Zugute kommt dieser Ideologie der Effekt, dass wenn es bereits geschafft wurde, dass viele Menschen an etwas glauben, auch der größte Teil der restlichen Menschen anfängt daran zu glauben, aufgrund der Annahme, dass wenn viele Menschen etwas sagen, es nicht falsch sein könne.
So ist zu erklären, warum es trotz unvorstellbar großer sozialer Ungleichheit, nur zu geringen Protesten kommt und es nur wenige Versuche gibt die soziale Ungleichheit zu stürzen. Die ausgegrenzten und in Armut lebenden Menschen glauben zu einem großen Teil daran, dass die gesellschaftliche Position und die Höhe des Lohns, die Menschen erreichen, durch Talent und Fleiß bestimmt wird und eine niedere Position ausschließlich auf einen Mangel an Talent und Fleiß zurückzuführen sei. Ähnlich wie im Mittelalter große Teile der Bevölkerung davon ausgingen, dass ihre gesellschaftliche Position ihnen durch eine göttliche Ordnung zugewiesen wurde – die Funktion des Fernsehens und der Schule übernahm in diesem historischen Zeitabschnitt die Kirche ­ und es deshalb auch über lange Zeiträume und trotz großer Armut nur wenig Protest und größere Veränderungsversuche gab, so sind auch heute Arme auf der ganzen Welt davon überzeugt, dass sie in der gerechten sozialen Position sind, die ihnen von der Leistungsgesellschaft zugewiesenen wurde, die jedem Menschen seiner Leistung entsprechend einen gerechten Platz in der Gesellschaft zuweist. Die Funktion des Glaubens an eine göttliche Ordnung wird heute ersetzt durch den Glauben an den Mythos der Leistungsgesellschaft (vgl. Hartmann, 2002: Der Mythos von den Leistungseliten, Frankfurt am Main: Campus).

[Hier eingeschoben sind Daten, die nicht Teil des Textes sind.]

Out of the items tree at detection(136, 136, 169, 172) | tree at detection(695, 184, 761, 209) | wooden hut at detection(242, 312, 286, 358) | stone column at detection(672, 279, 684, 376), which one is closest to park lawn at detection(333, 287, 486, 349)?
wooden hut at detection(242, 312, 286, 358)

Die Aufgabe der herrschaftskritischen und demokratischen SoziologInnen ist es, diese Ideologien, Manipulationen und Propaganda für alle Menschen sichtbar zu machen, sie in all ihren Formen und Wirkungsweisen aufzudecken, zu analysieren, verständlich zu erklären und die herrschaftskritische Theorie gemeinsam mit den Betroffenen weiterzuentwickeln und die benachteiligten Menschen an ihre eigenen Fähigkeiten und Entwicklungspotenziale zu erinnern und ihnen durch Anerkennung und Respekt dabei zu helfen selbst aktiv zu werden und wieder ihr Selbstwertgefühl aufzubauen und selbst ihr Recht auf ein Leben ohne Armut und Unterdrückung einfordern und sich dementsprechend verhalten.